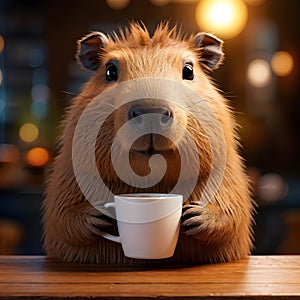 capybara drinking coffee in cafe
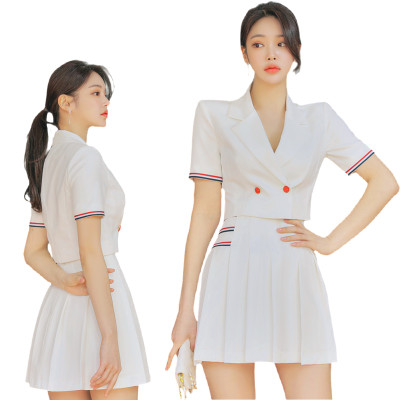 西裝領雙排扣織帶短袖上衣 高腰百褶裙兩件套編號:C300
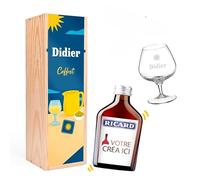 Coffret pastis Bouteille 20cl + verre de 39,5cl - Coffret verre personnalisé et caisse bois pour cadeau unique [ Kit apero a offrir ]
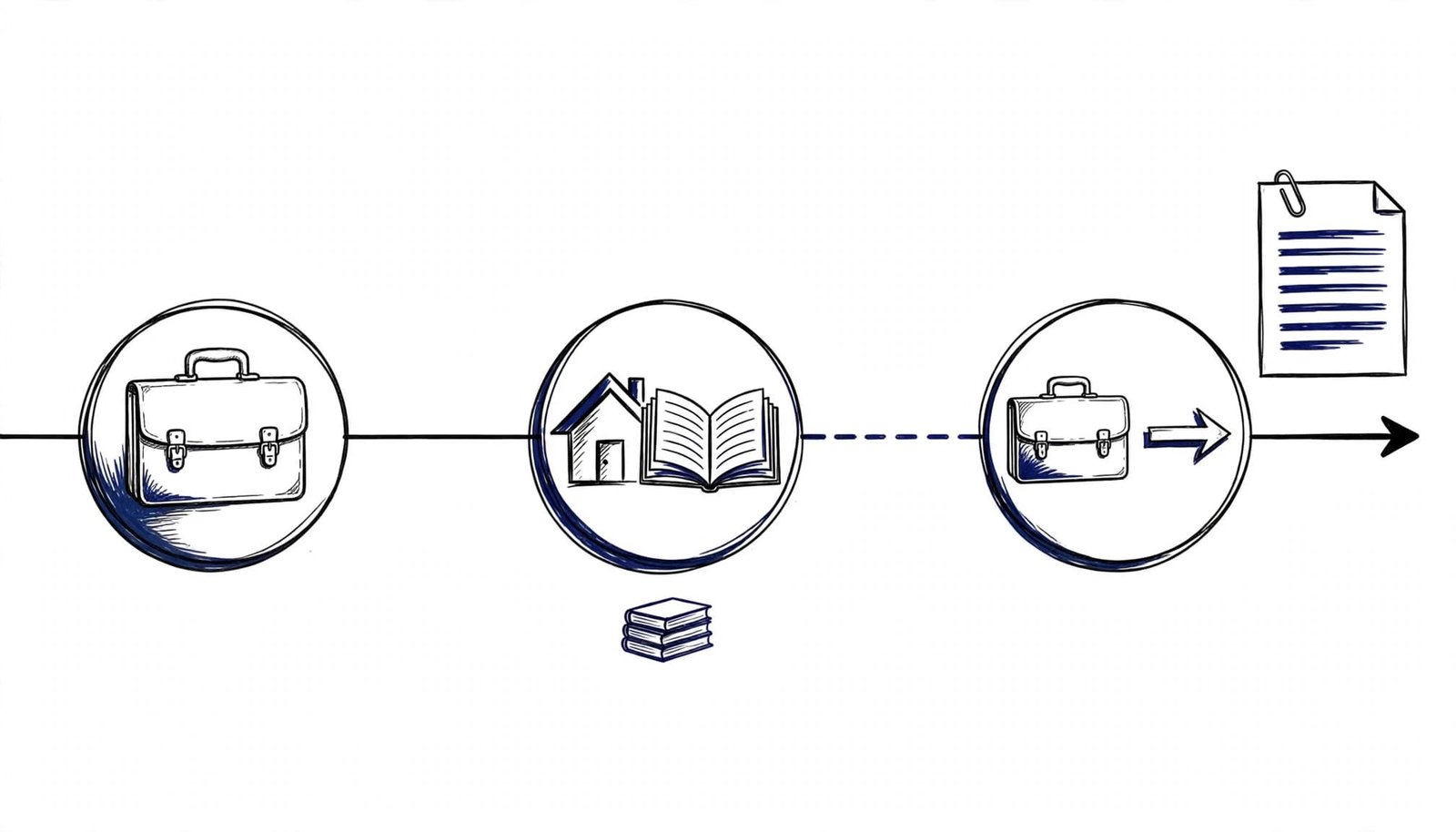 A timeline links a work briefcase, a home with a book, and a path back to work.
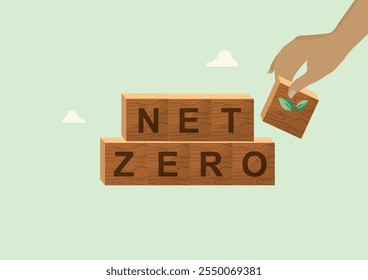 Net Zero Wooden Blocks with Growing Plant Sustainability Concept. wooden blocks spelling 'NET ZERO' with a hand placing a block containing a growing plant, symbolizing environmental sustainability.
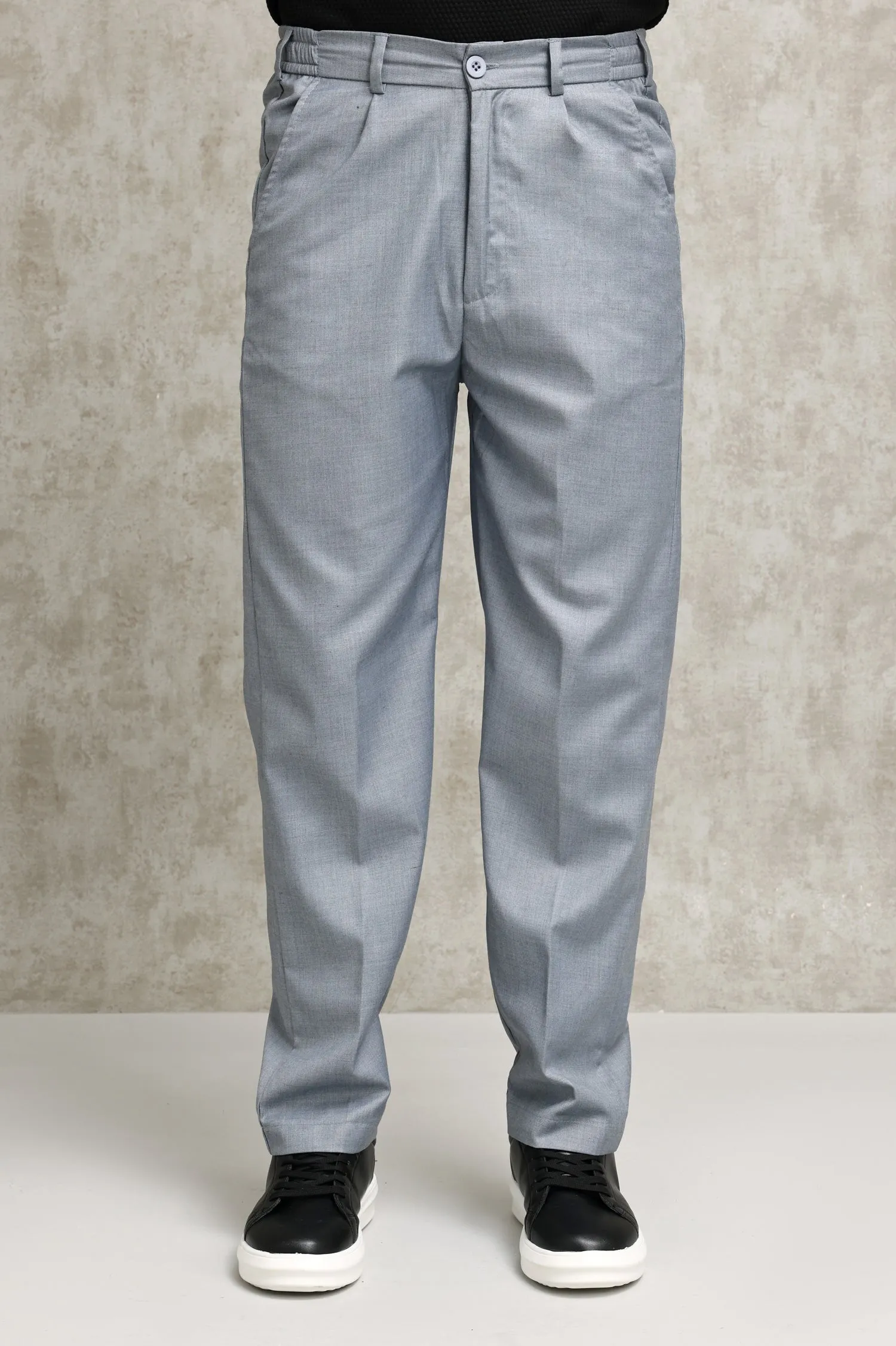 TAILORED PLEATED FORMAL TROUSERS-LT-GREY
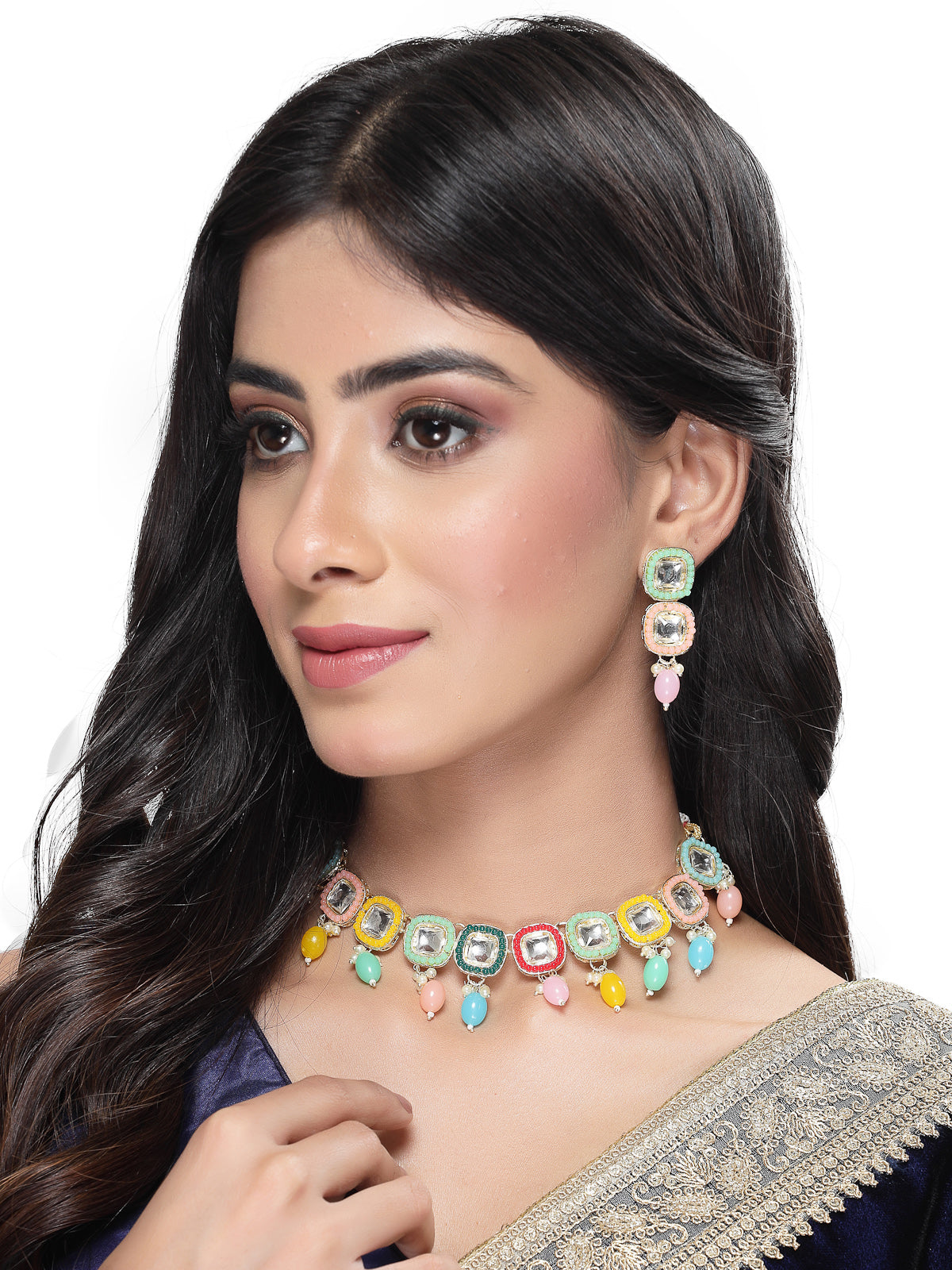 Studio Sukkhi Fanciable Gold Plated Multi Stone & Beads Choker Necklace Set For Women NS105809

================================

◆ **EXERCISE**: Everything from the top line of the data down to and including the line with "A timeline links" is to be copied, except the pictures.

◆ **RESPONSE TO THE EXERCISE**:
 capybara drinking coffee in cafe
 西裝領雙排扣織帶短袖上衣 高腰百褶裙兩件套編號:C300
 Coffret pastis Bouteille 20cl + verre de 39,5cl - Coffret verre personnalisé et caisse bois pour cadeau unique [ Kit apero a offrir ]
 A timeline links a work briefcase, a home with a book, and a path back to work.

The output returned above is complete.